▶ [PROBLEM STATEMENT]: Repeat every line from the line containing "Vintage La Quinta" to the end of the data, exactly. Leave the pictures out.

▶ [RECORDED INFORMATION]:
---------------
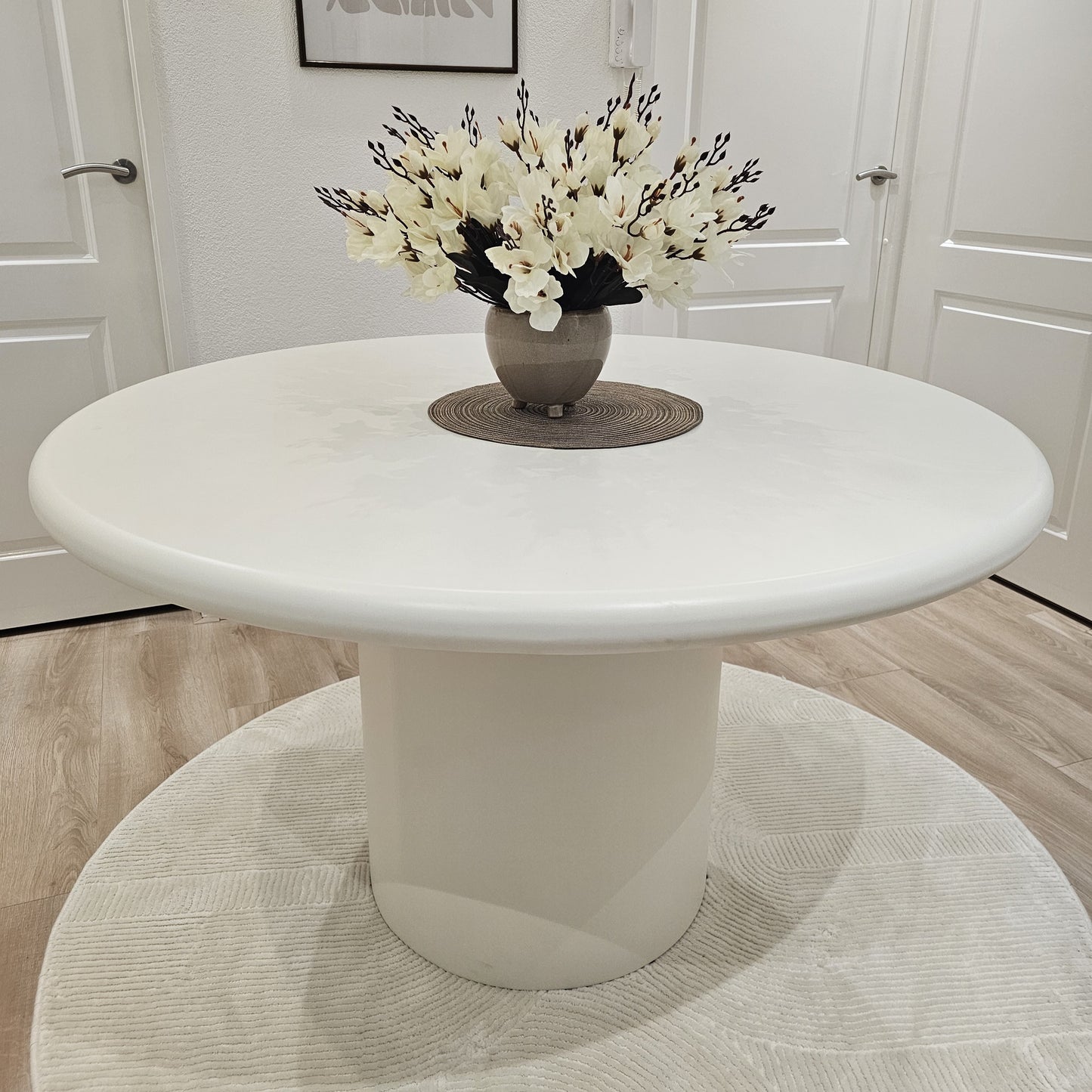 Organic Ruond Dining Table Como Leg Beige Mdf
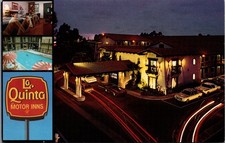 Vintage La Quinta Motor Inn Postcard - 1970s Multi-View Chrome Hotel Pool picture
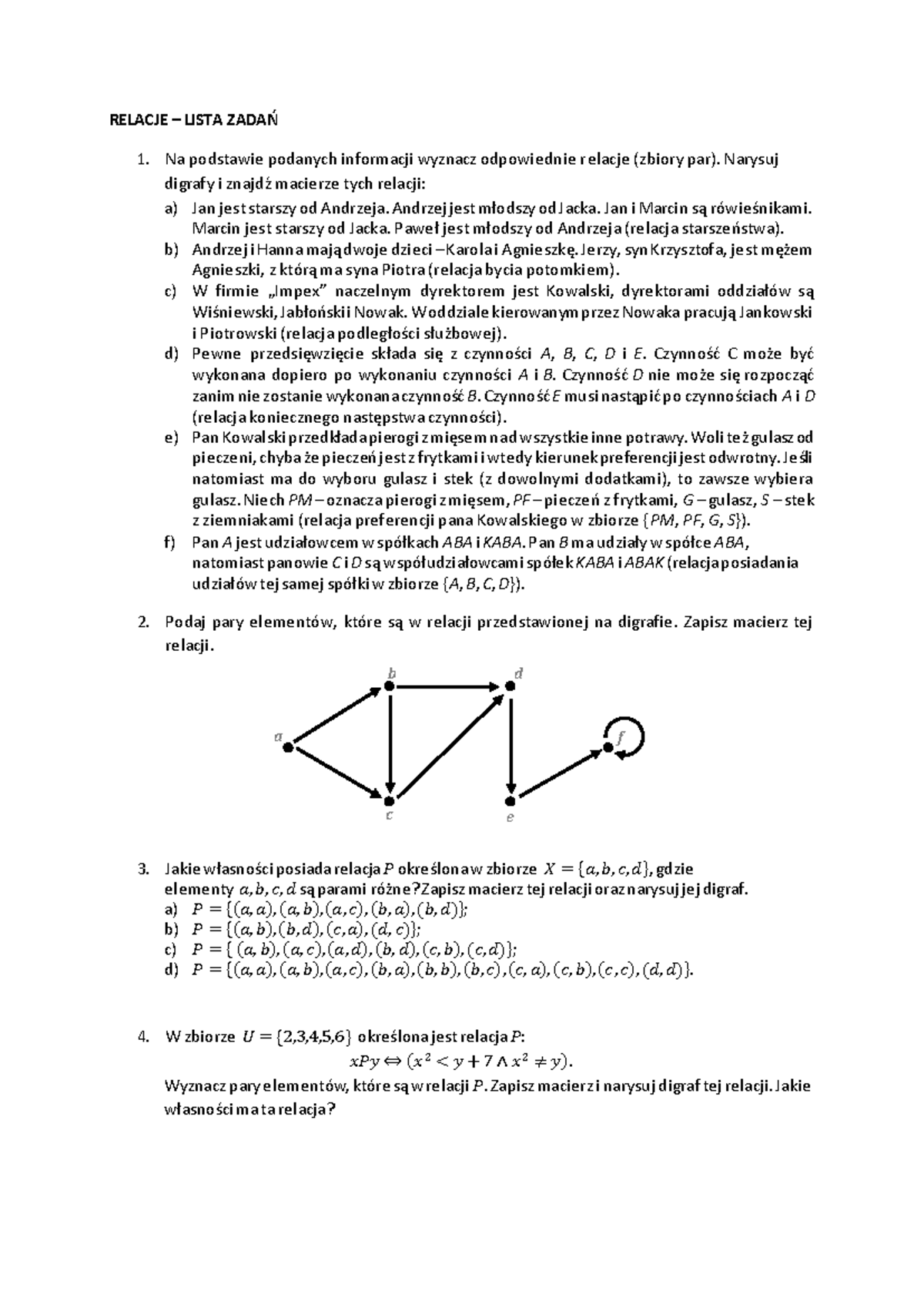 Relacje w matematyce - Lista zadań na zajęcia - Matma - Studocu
---------------
▶ [EXERCISE SOLUTION]:
 Vintage La Quinta Motor Inn Postcard - 1970s Multi-View Chrome Hotel Pool picture
 Relacje w matematyce - Lista zadań na zajęcia - Matma - Studocu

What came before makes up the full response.